Crawled caption data:
- Opening Delimiter -

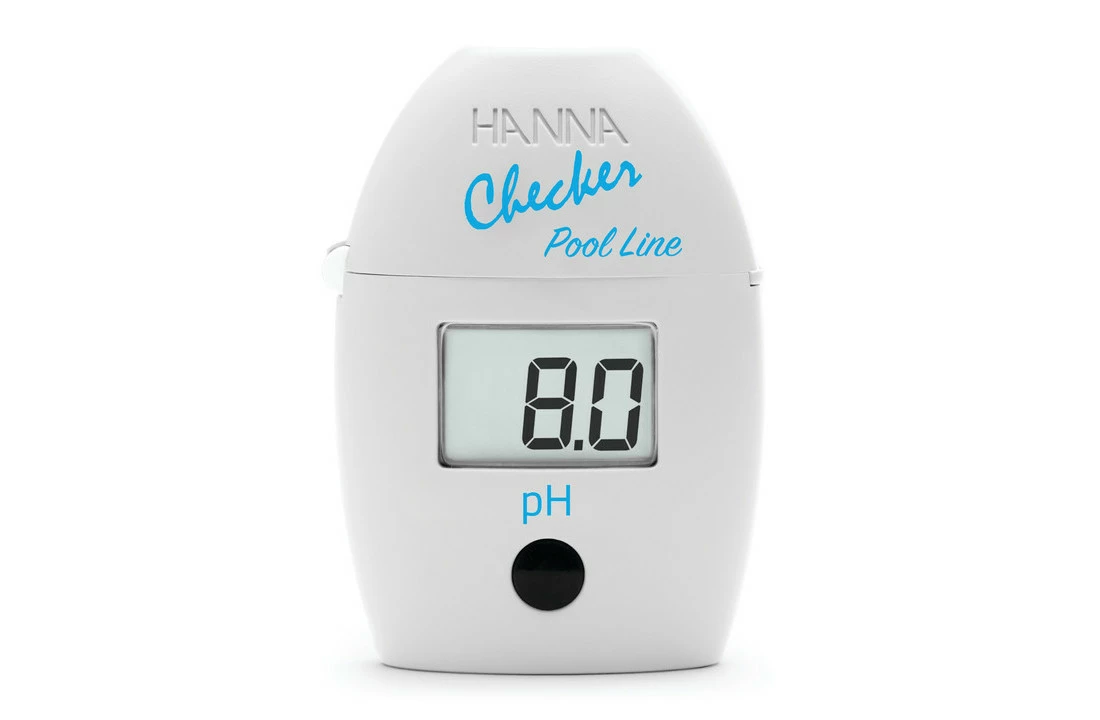 Pool Line Digitale Water Tester PH 1 Pool Line Digitale Water Tester PH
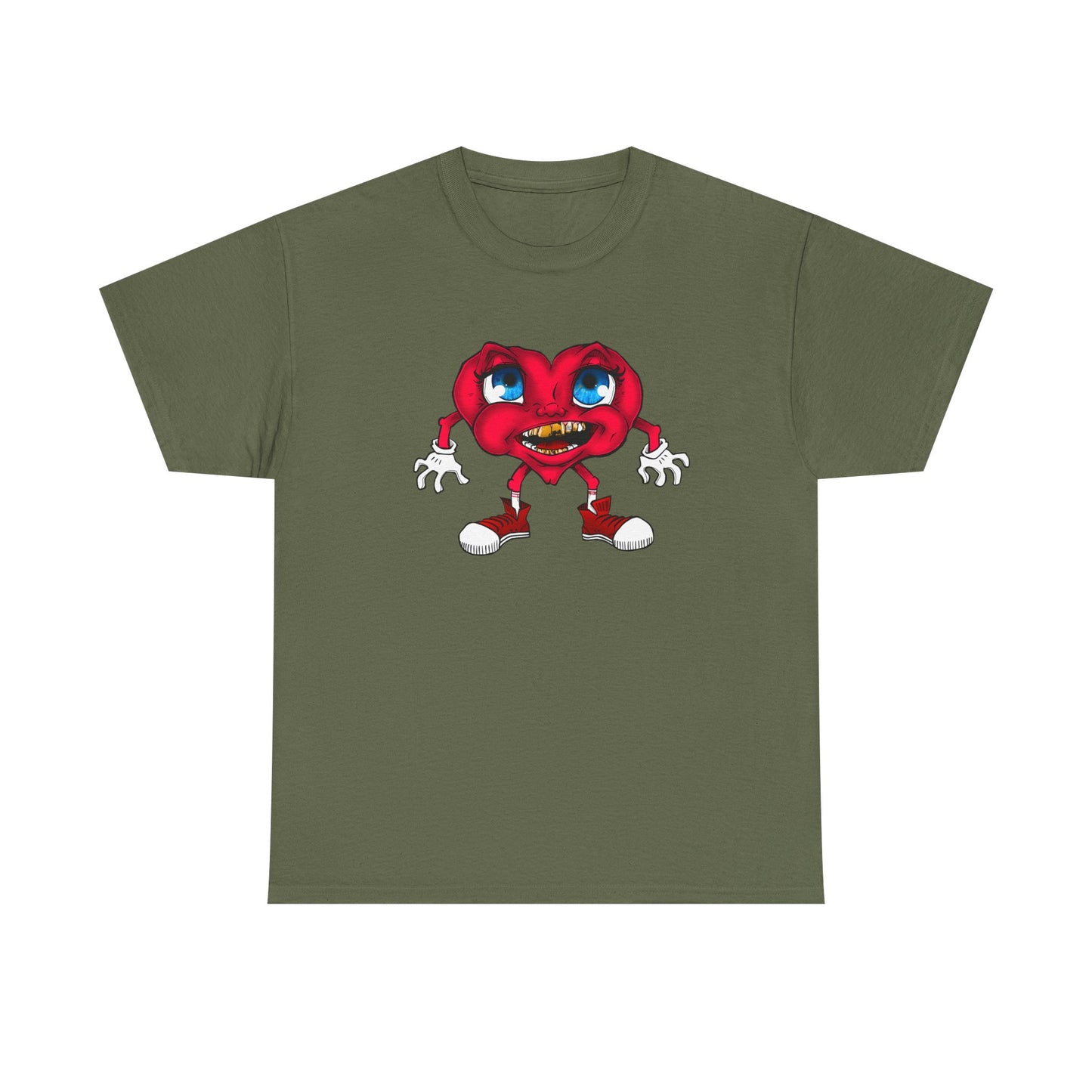 Ill! Artestry Boy-O-Boy Graphic Tee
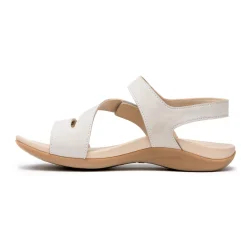 Hot Oasis Sandal Metatarsal Women Adjustable Strap|Walking Shoes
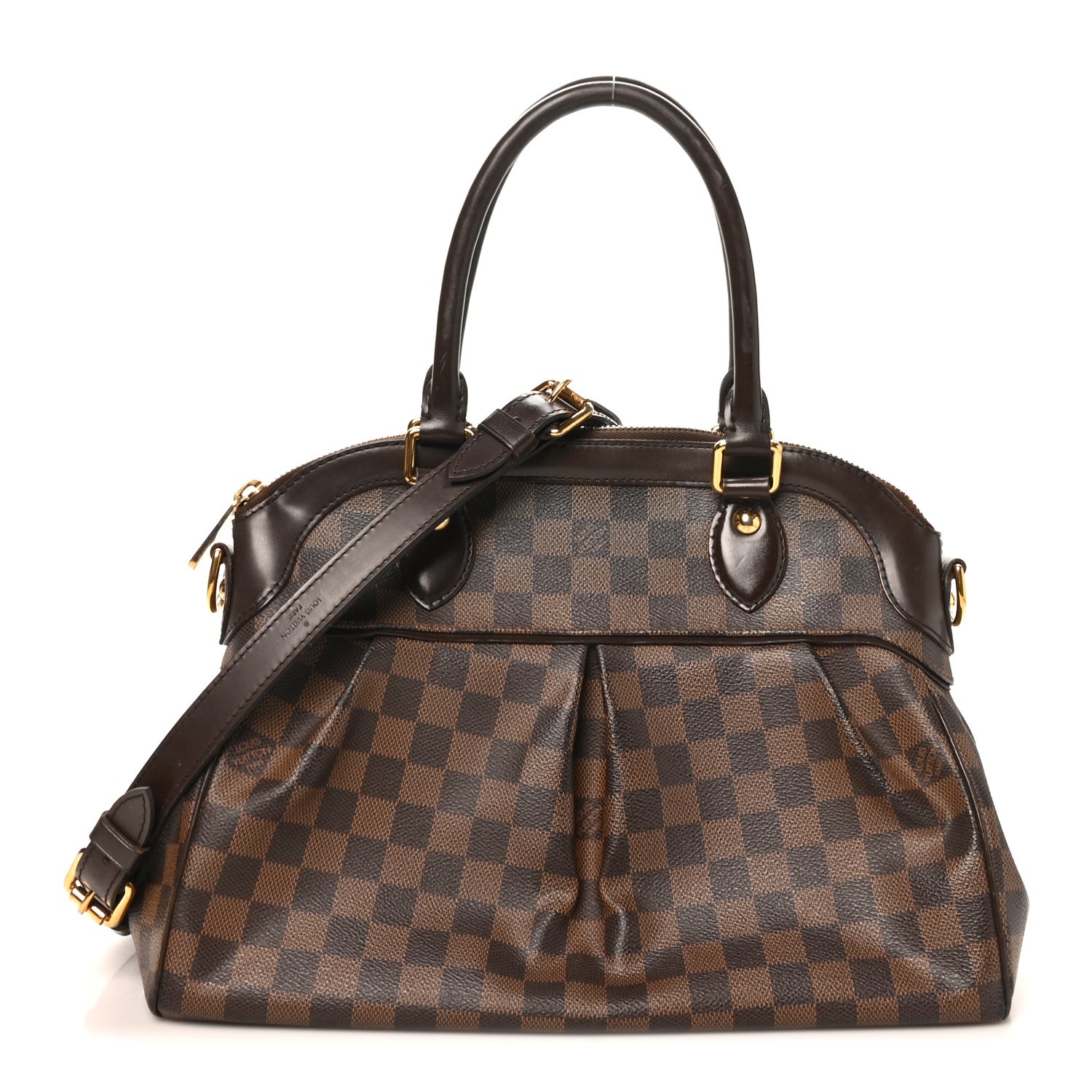 Damier Ebene Trevi PM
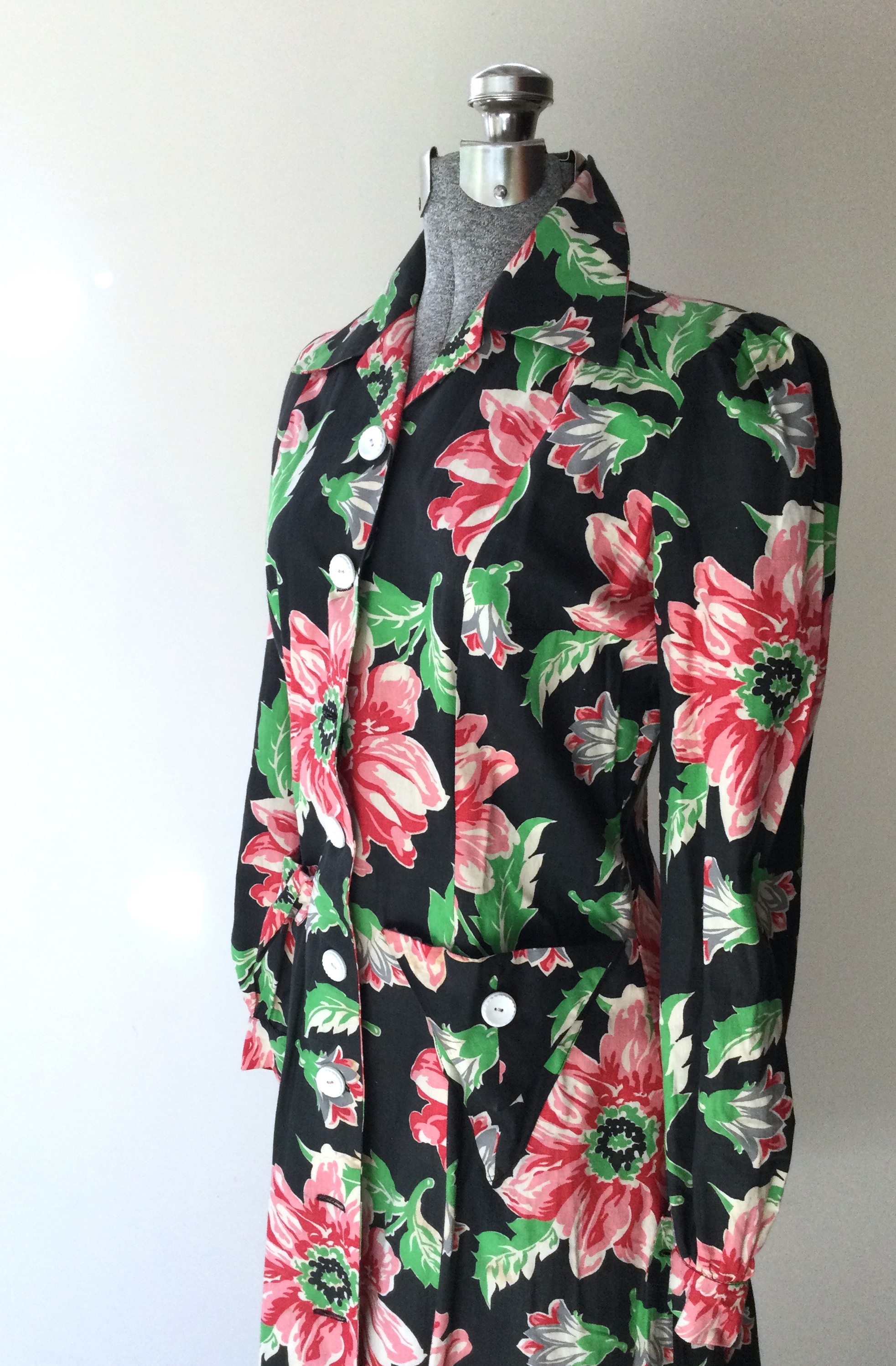 the bodice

- Closing Delimiter -

▶ **Problem to solve**
Every record, from top to bottom, gets written out exactly; no picture goes into the copy.

▶ **Output of the exercise**
 Pool Line Digitale Water Tester PH 1 Pool Line Digitale Water Tester PH
 Ill! Artestry Boy-O-Boy Graphic Tee
 Hot Oasis Sandal Metatarsal Women Adjustable Strap|Walking Shoes
 Damier Ebene Trevi PM
 the bodice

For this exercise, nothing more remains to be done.